Comme de nombreux praticiens d’autres spécialités, les cardiologues sont parfois soumis aux questions de leurs patients, auxquelles il n’est pas toujours simple de répondre, en partiÉtat culier sur le vaccin. C’est le 24 septembre que le Premier ministre, François Fillon a annoncé l’ordre de priorité pour cette vaccination, qui sera non obligatoire. Pour élaborer cette liste, le gouvernement s’est largement inspiré de l’avis du 7 septembre du Haut conseil de santé public (HCSP). Au final, il a tranché en faveur d’une vaccination recommandée à l’ensemble de la population avec une priorité d’abord donnée aux personnels de santé, aux femmes enceintes (à partir du 2e trimestre), à l’entourage des nourrissons de moins de six mois, aux professionnels de la petite enfance puis aux sujets à risque, d’abord les 6-23 mois puis les 2-64 ans. Les derniers sur la liste sont les plus de 18 ans sans facteur de risque.
Pour l’instant, trois vaccins ont reçu le feu vert de l’Agence européenne du médicament (EMEA) : le Pandemrix® (GSK), le Focetria® (Novartis) et le Celvapan® (Baxter). Le vaccin européen de Sanofi-Pasteur pourrait ne recevoir son AMM qu’en novembre. À ce jour, les constatations de l’Agence française de sécurité sanitaire des produits de santé (Afssaps) ou du HCSP sont plutôt rassurantes sur le profil d’efficacité et de sécurité des vaccins, en particulier sur les adjuvants qui suscitent beaucoup d’interrogations.

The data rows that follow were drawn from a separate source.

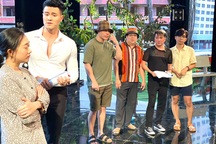 Vĩnh Thụy gây "nhốn nháo" khi lần đầu tập kịch cùng dàn Táo Xuân 2021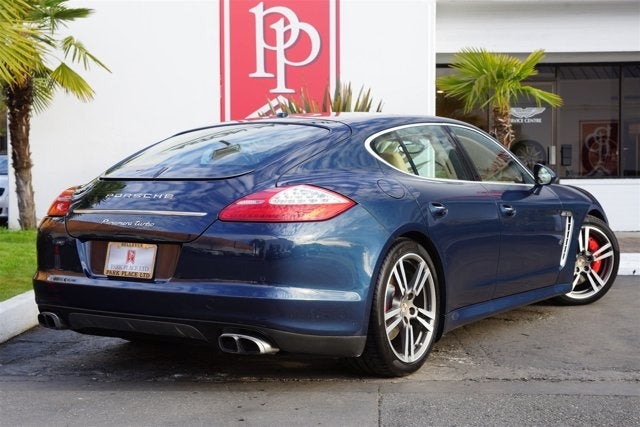 2010 Porsche Panamera Turbo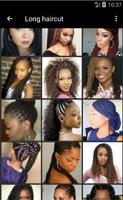 black women hairstyles 2021 ภาพหน้าจอ 2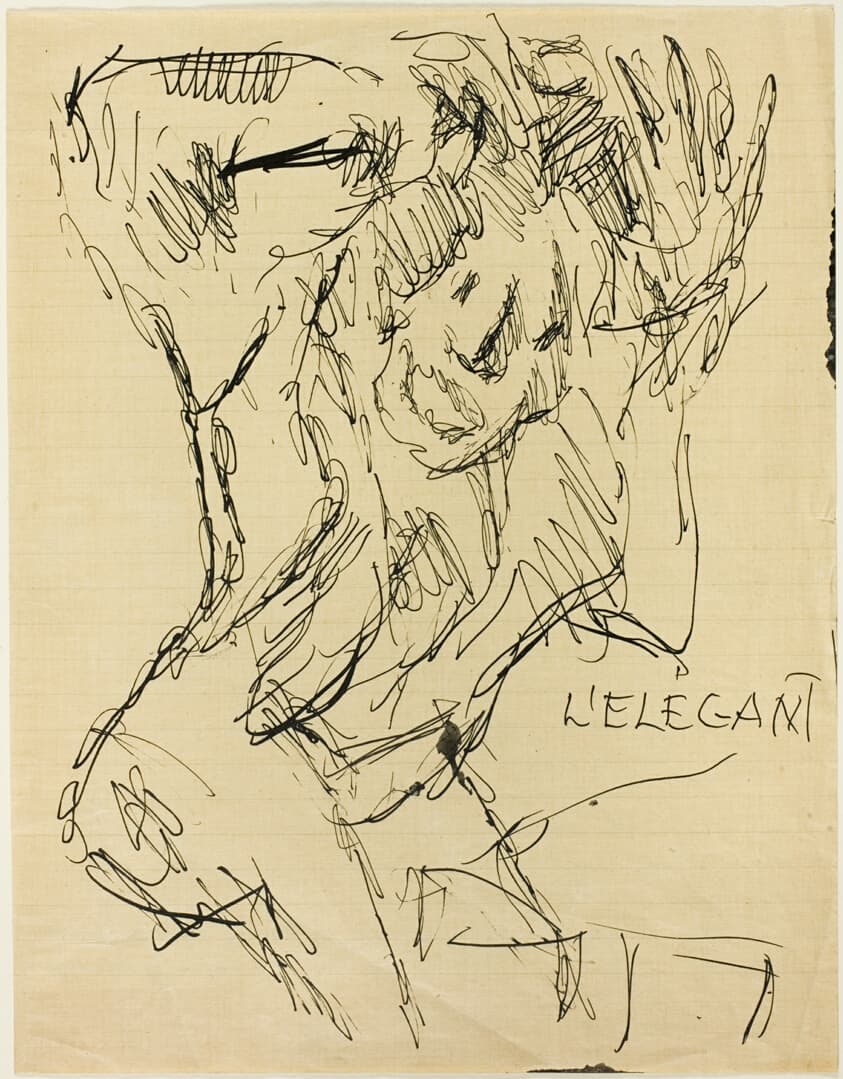 L'Elegant — Louis Soutter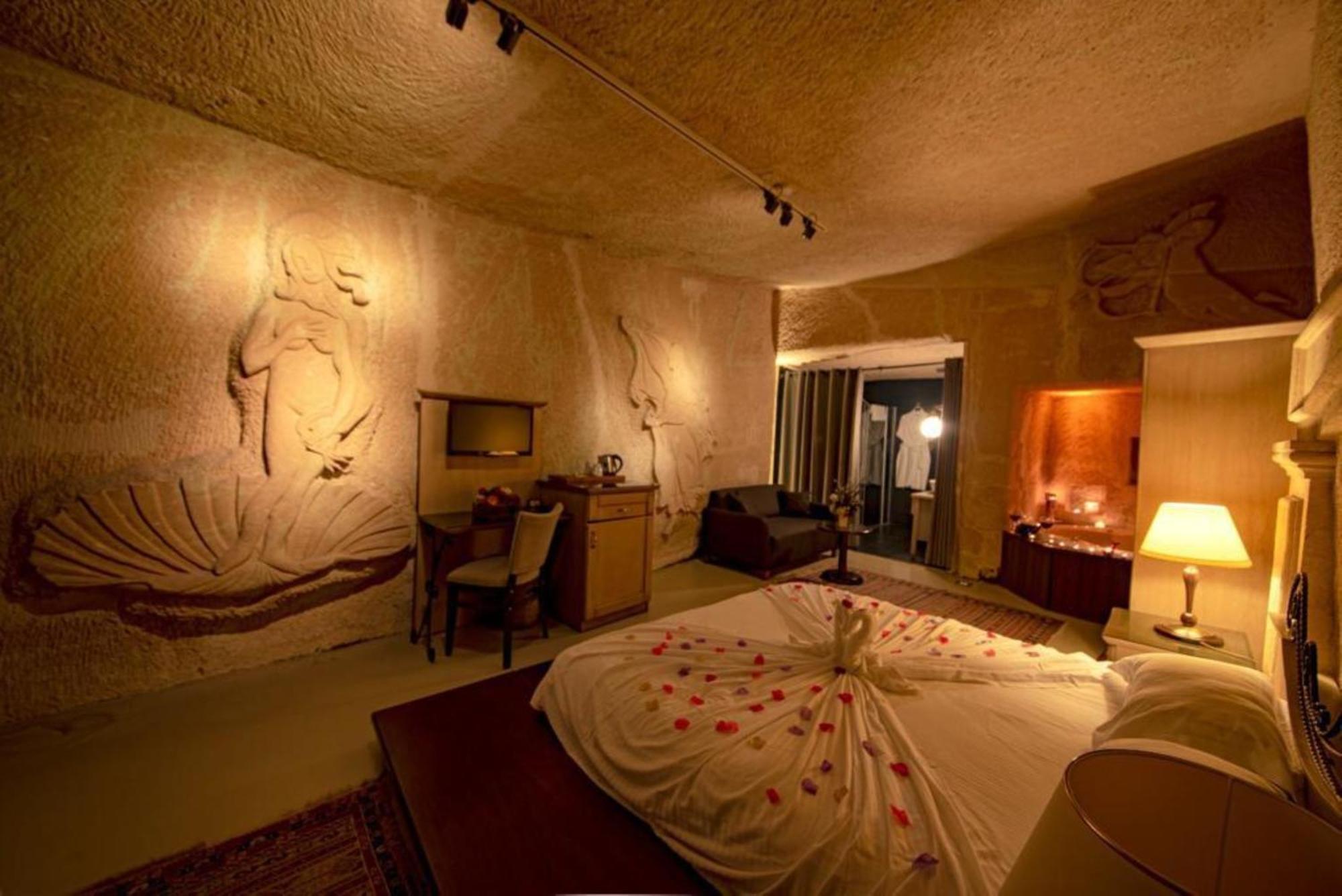 אורגופ Sunak Cave Hotel מראה חיצוני תמונה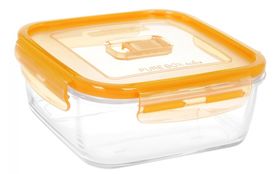  Ёмкость Luminarc 0941 Pure box с оранжевый крышкой 1220мл. в Симферополе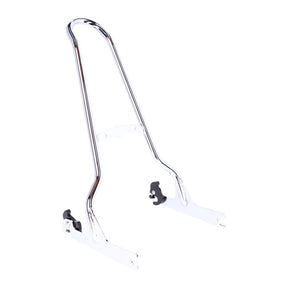 Sissy Bar Kit 21" 1 Piece Upright, Chrome Sissy Bars Mcs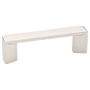 Emtek Trinity 10 Inch Center to Center Handle Cabinet Pull from the Contemporary Collection Polished Nickel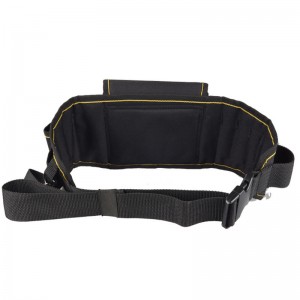 Waist Tool Bag with Adjustable Waist Belt electrician bag with Multiple Pockets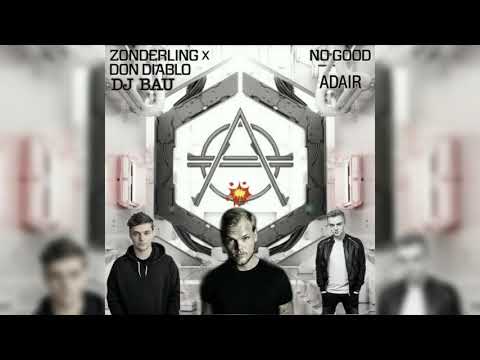 Tunnel Vision vs. No Good vs. SOS vs. Breach (DJ Bau & Adair Music Mashup)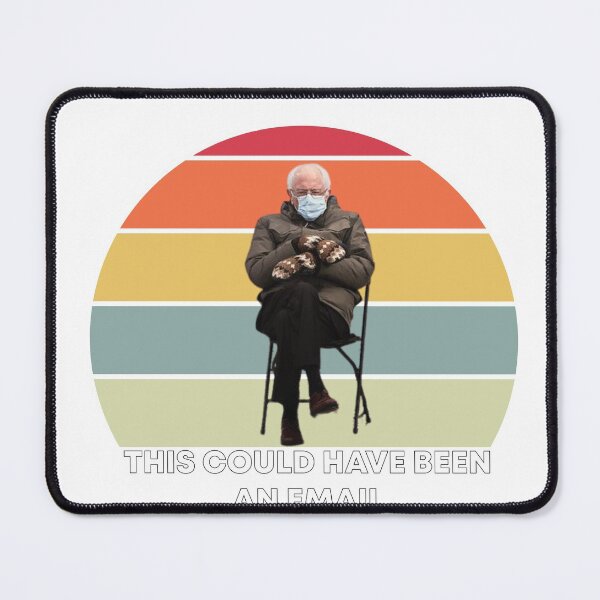 Item preview, Bernie Sanders This Could Have Been An Email designed and sold by mouad naouiri.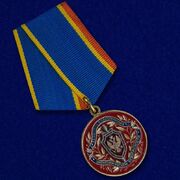 Медаль За заслуги в обеспечении экономической безопасности ФСБ РФ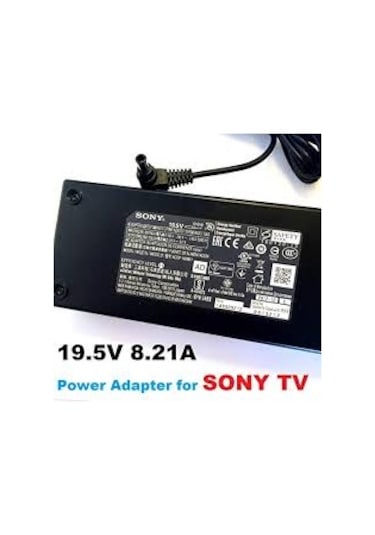 Sony Televizyon Uyumlu Adaptör 19.5V 8.21A 6.5 x 4.4 Cls-1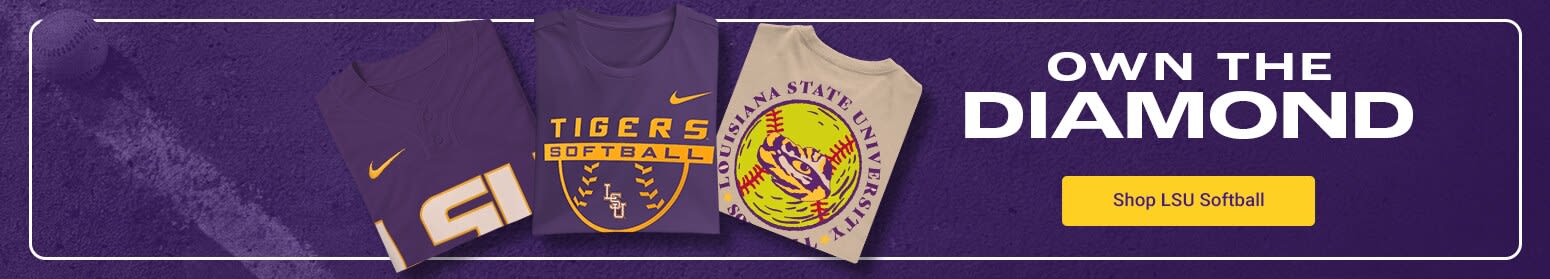 Own The Diamond | Shop LSU Softball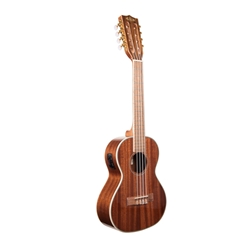 Kala KA8E AC/EL Gloss Mahogany 8 String Tenor Ukulele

L’Afssaps estime par exemple que le risque de syndrome de Guillain-Barré, souvent mis en avant par les anti-vaccins, ne peut certes être totalement exclu après une vaccination. «L’association entre la vaccination antigrippale et la survenue d’un syndrome de Guillain-Barré a été évoquée pour la première fois en 1976 aux États-Unis lors de la campagne de vaccination contre le virus A/New Jersey/H1N1. Depuis, plusieurs études portant sur la vaccination contre la grippe saisonnière ont été conduites : la plupart d’entre elles n’ont pas montré d’association. Seule une étude conduite aux États-Unis sur deux périodes de grippe saisonnière a mis en évidence un risque très faible d’environ un cas pour 1 million de vaccinés », indique l’Agence, en précisant que dans 60 à 70 % des cas, le syndrome de Guillain- Barré succède à un épisode infectieux aigu viral ou bactérien. « La grippe en particulier est en elle-même un facteur de risque susceptible de déclencher un tel syndrome », ajoute l’Afssaps.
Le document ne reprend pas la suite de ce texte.